Recently, Ceres POA filed a grievance with the city of Ceres after the Finance Department refused to pay officers who took approximately six hours for a promotional exam while they were on-duty.  The officers pointed to uncontested twenty year old language in their Memorandum of Understanding which states:
Section 7.5   Leave for Department Promotional Exams
Employees participating in department promotional exams will be considered off duty and on their own time for all department promotional examinations.  Employees who are scheduled to a shift at the time of the exam shall be given release time to attend the examination.  Overtime shall not be paid for employees taking department promotional exams.
The Finance Department interpreted this language to mean on-duty officers would be released from their duties to participate in the department’s promotional exam, but did not require the City to compensate the officers for their time spent taking the examination.  This interpretation was based upon the first sentence of the paragraph, “Employees participating in department promotional exams will be considered off duty and on their own time for all department promotional examinations.”
Moreover, the Finance Department claimed the City had an established past practice to reject such claims. The Finance Department presented evidence it had rejected payroll claims from other on-duty officers when they took the last promotional exam in 2008.
The term “release time” does not have a legal definition in and of itself.  The term is referred to in the Meyers-Milias-Brown Act  (“MMB”)wherein employee representatives of recognized employee organizations are allowed reasonable time off without loss of compensation or other benefits when formally meeting and conferring with City representatives.  However, this is limited to meeting and conferring, not taking a promotional examination.

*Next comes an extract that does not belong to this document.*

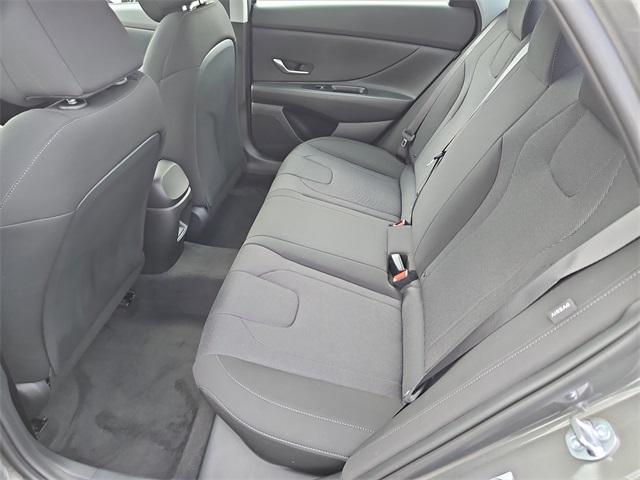 new 2025 Hyundai Elantra car, priced at $18,785
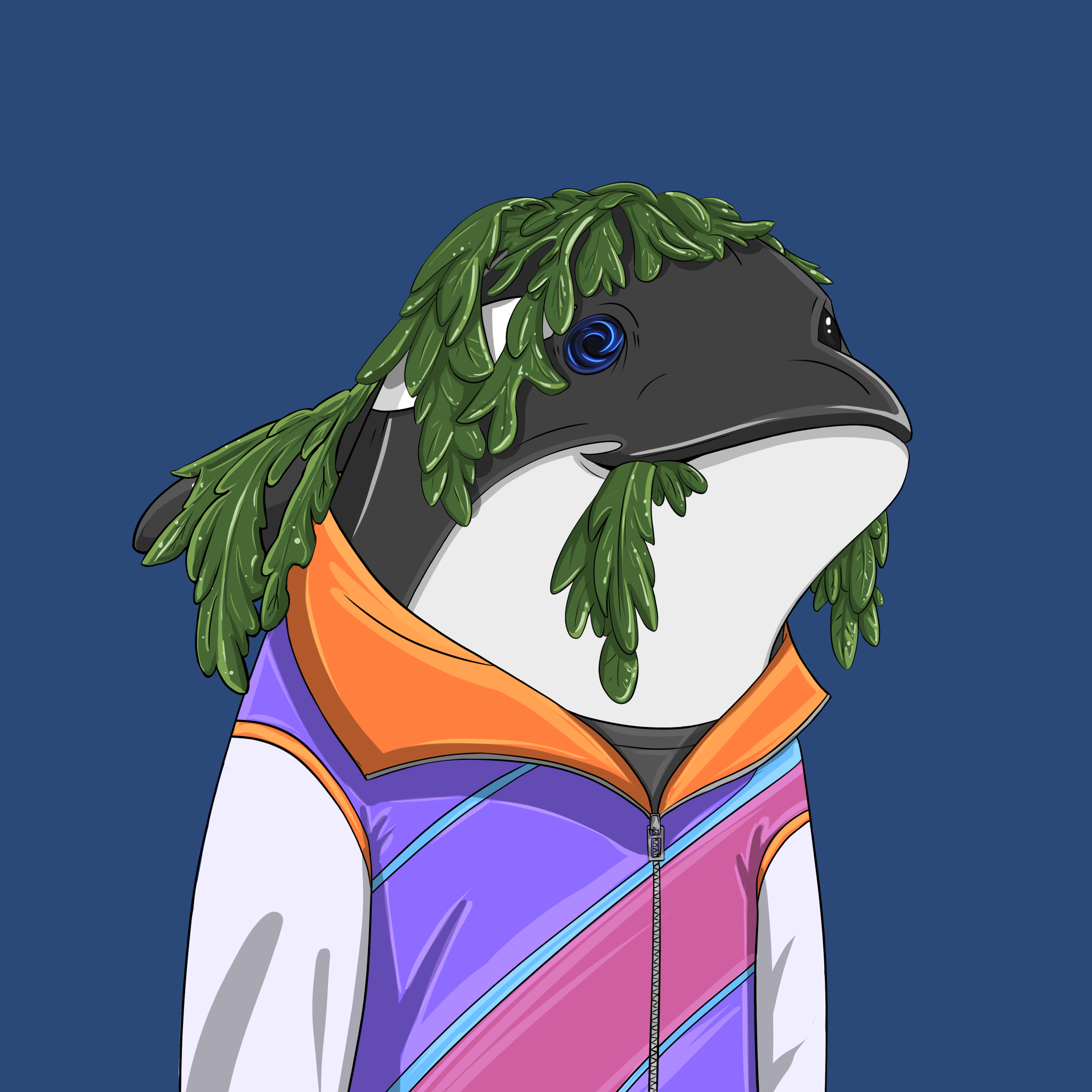 ORCA 1715 NFT on Algorand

Paul Konsdorf, Labor Representative of Goyette & Associates, filed a timely grievance with the City of Ceres.  The grievance was heard by Glenn R. Gebhardt, P.E. on January 18, 2011.
Mr. Konsdorf not only presented how “release time” is used in MMB, but numerous state laws which reference release time as paid time.  He successfully demonstrated that the term was synonymous with paid time throughout the state and various agencies. 
The hearing officer focused upon the City’s past practice.  Mr. Konsdorf presented payroll records for the last three promotional exams.  On June 14, 2007 and August 26, 2007, all on-duty officers were paid for the time they spent taking their promotional exams.  The third exam was given on June 26, 2008, when the Finance Department rejected the on-duty officers’ time cards.  Mr. Konsdorf vehemently argued that if the POA had been made aware of the change in practice then, a grievance would have been filed in a timely manner in 2008, but there had been no notification made nor received.  Mr. Konsdorf presented evidence to show:
If a custom has attained the stature of a past practice, even if there is written language to the contrary in the contract, management cannot simply discontinue the past practice.  To alter or discontinue a past practice, management must clearly announce to the union its intention to change the practice, and explain how it will be changed.  In some circumstances, the union must be offered an opportunity to bargain over the change.
Hearing Officer Gephardt affirmed the CPOA grievance awarding the grieved officers their due compensation.
Mr. Konsdorf recommends that anytime the term “release time” is used, one should automatically insert “paid release time”.